Scraped caption text data:
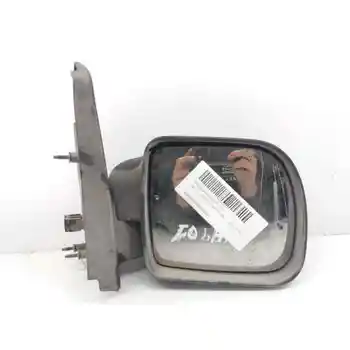 7700304835 RIGHT REARVIEW RENAULT KANGOO (F/KC0)
7700304835 RIGHT REARVIEW RENAULT KANGOO (F/KC0)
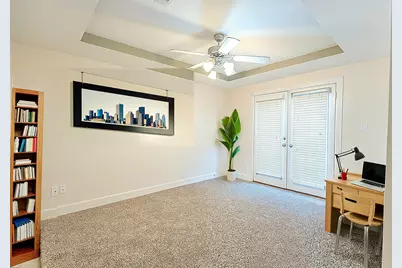 5941 South Loop E #603, Houston, TX 77033 - Photo 28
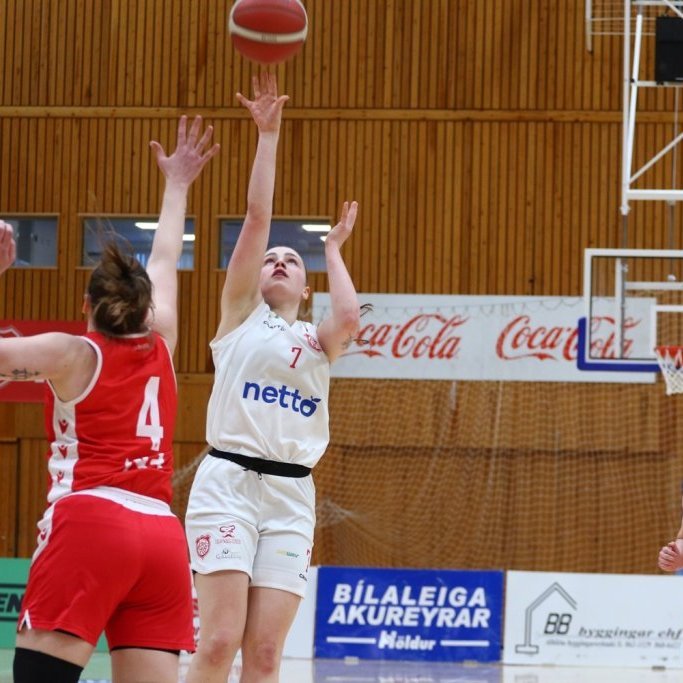 eva-wium-og-gudbjorg-sverris-pjo_9719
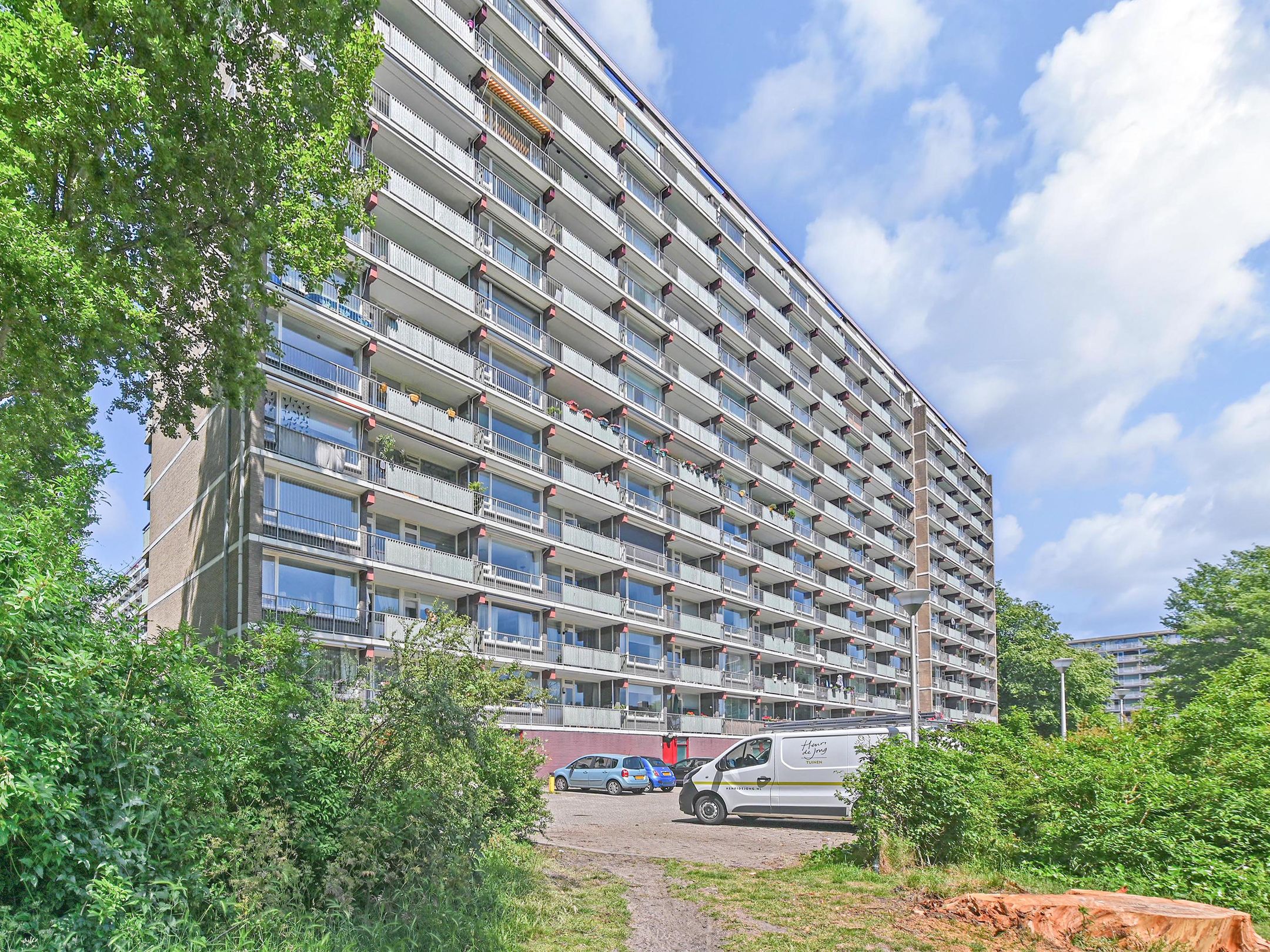 Foto 3 van Heiloostraat 279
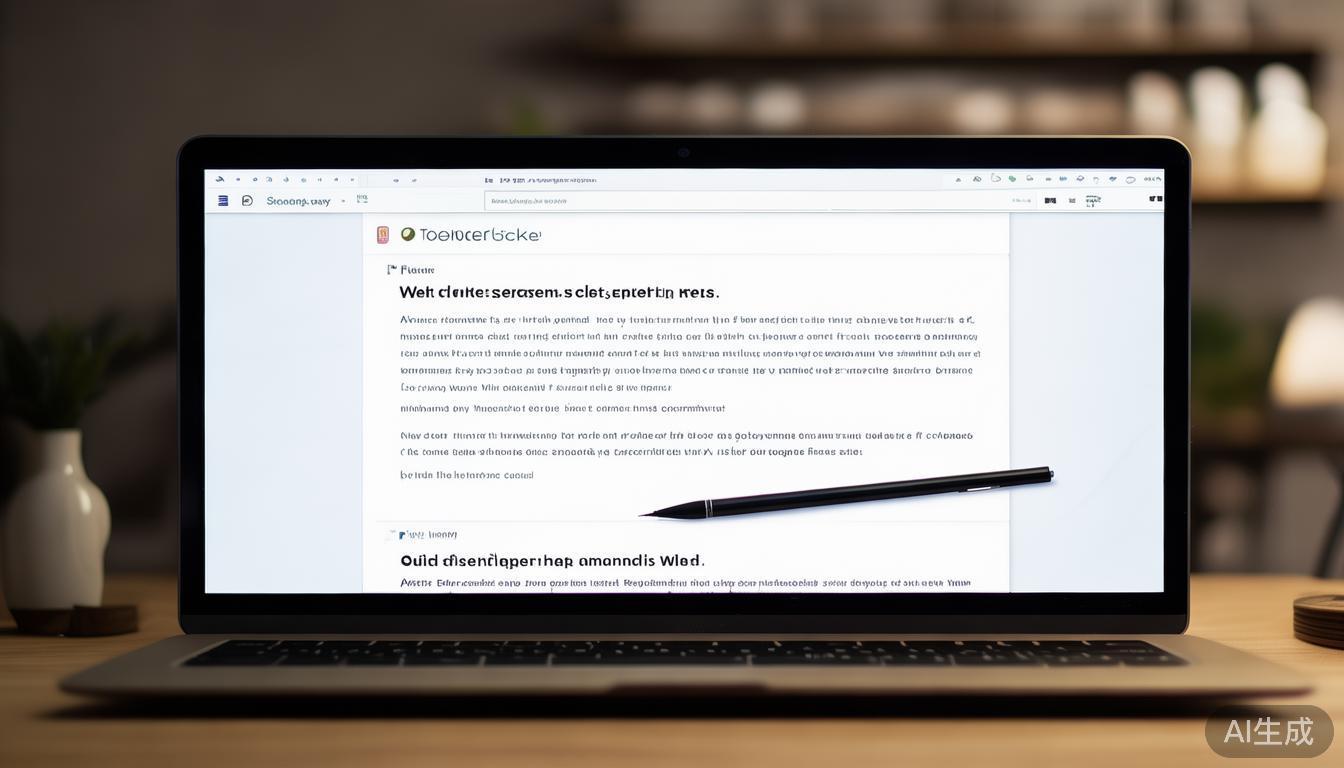 tokenpocket钱包官网首页的安全设置指南，确保你的资产安全无忧_安全的钱包_钱包安全性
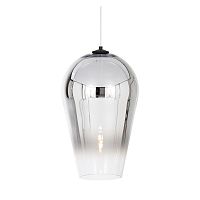 подвесной светильник loft it fade pendant light loft2022-b в Таганроге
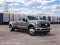 2027 Ford Super Duty F-450® XLT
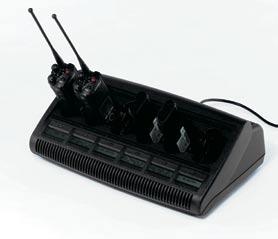 preferences Product featured BDN6645A Remote Speaker Microphones Talk or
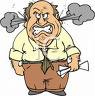 35. รักผู้อื่นอย่างไร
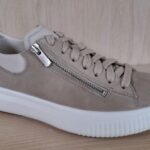 derby-femme-e25-chaussures-dessert14
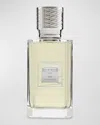 EX NIHILO THE HEDONIST EAU DE PARFUM, 3.4 OZ.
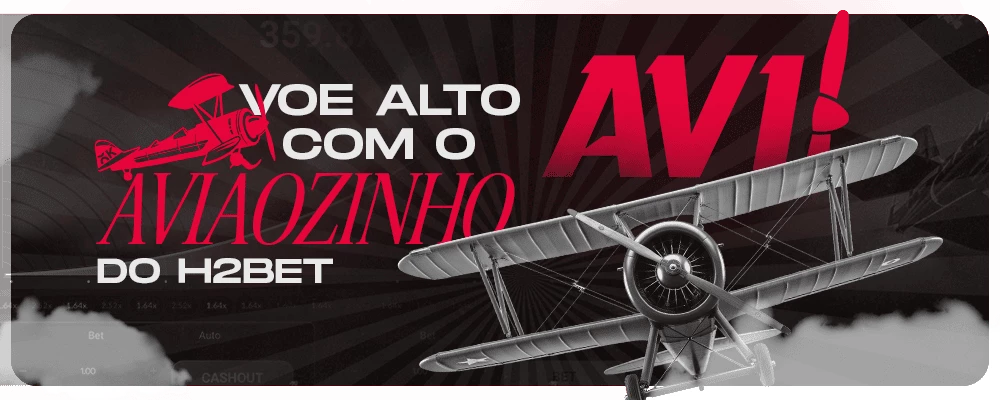 bjogo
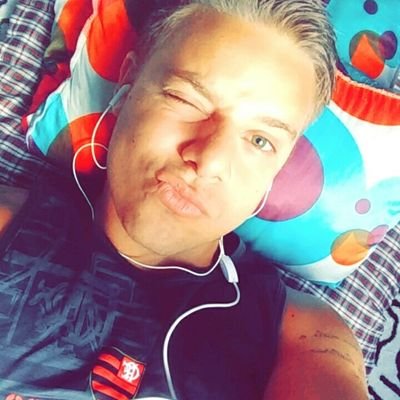 7renan_alves's profile picture. ❄⚡🔥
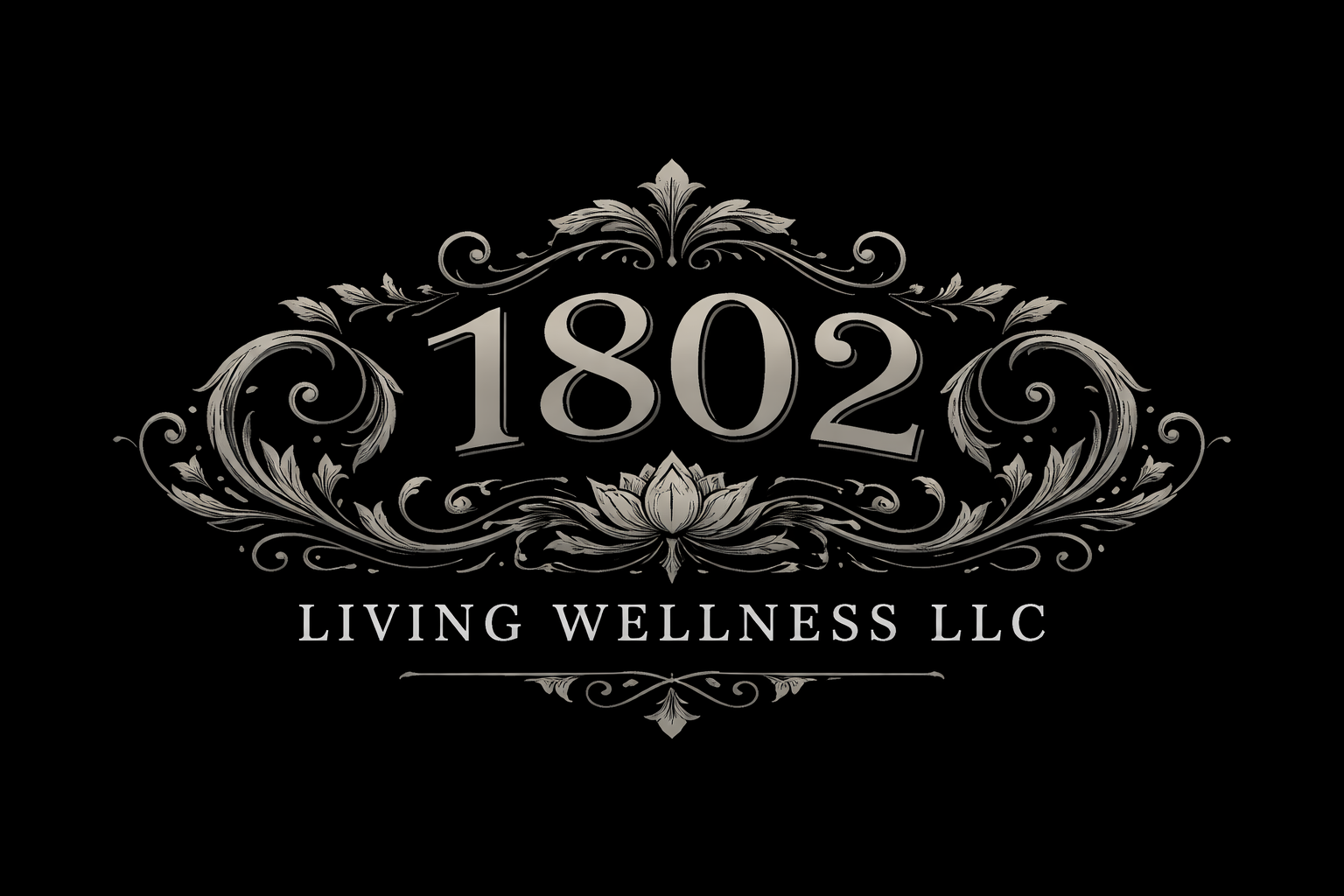 1802 Living Wellness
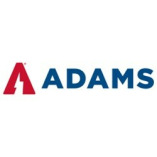 Adams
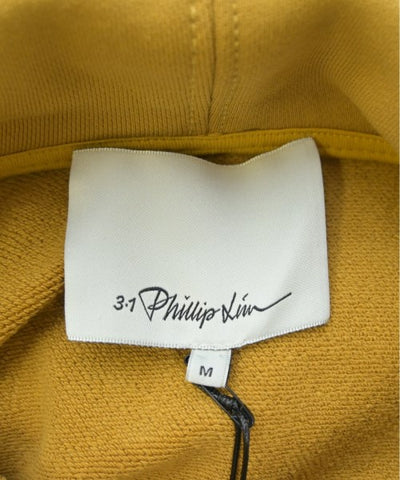 3.1 Phillip Lim Hoodies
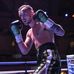 Johnnyboy Kiely - Facebook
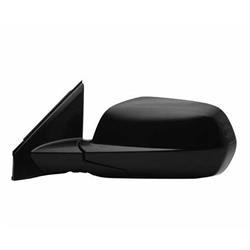 Body Parts Side View Mirrors for 2005-2010 ODYSSEY - HO1320155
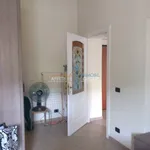 3-room flat via Roma 30L, Centro, Carrara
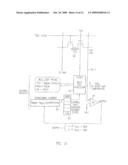 Novel Multi-State Memory diagram and image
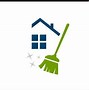 Image result for Janitorial Service Logo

Task to carry out:
All records must be output exactly as they are, except for the pictures, which are left out.

Task response:
 7700304835 RIGHT REARVIEW RENAULT KANGOO (F/KC0)
7700304835 RIGHT REARVIEW RENAULT KANGOO (F/KC0)
 5941 South Loop E #603, Houston, TX 77033 - Photo 28
 eva-wium-og-gudbjorg-sverris-pjo_9719
 Foto 3 van Heiloostraat 279
 tokenpocket钱包官网首页的安全设置指南，确保你的资产安全无忧_安全的钱包_钱包安全性
 подвесной светильник loft it fade pendant light loft2022-b в Таганроге
 2027 Ford Super Duty F-450® XLT
 preferences Product featured BDN6645A Remote Speaker Microphones Talk or
 35. รักผู้อื่นอย่างไร
 derby-femme-e25-chaussures-dessert14
 EX NIHILO THE HEDONIST EAU DE PARFUM, 3.4 OZ.
 bjogo
 7renan_alves's profile picture. ❄⚡🔥
 1802 Living Wellness
 Adams
 3.1 Phillip Lim Hoodies
 Johnnyboy Kiely - Facebook
 Body Parts Side View Mirrors for 2005-2010 ODYSSEY - HO1320155
 3-room flat via Roma 30L, Centro, Carrara
 Novel Multi-State Memory diagram and image
 Image result for Janitorial Service Logo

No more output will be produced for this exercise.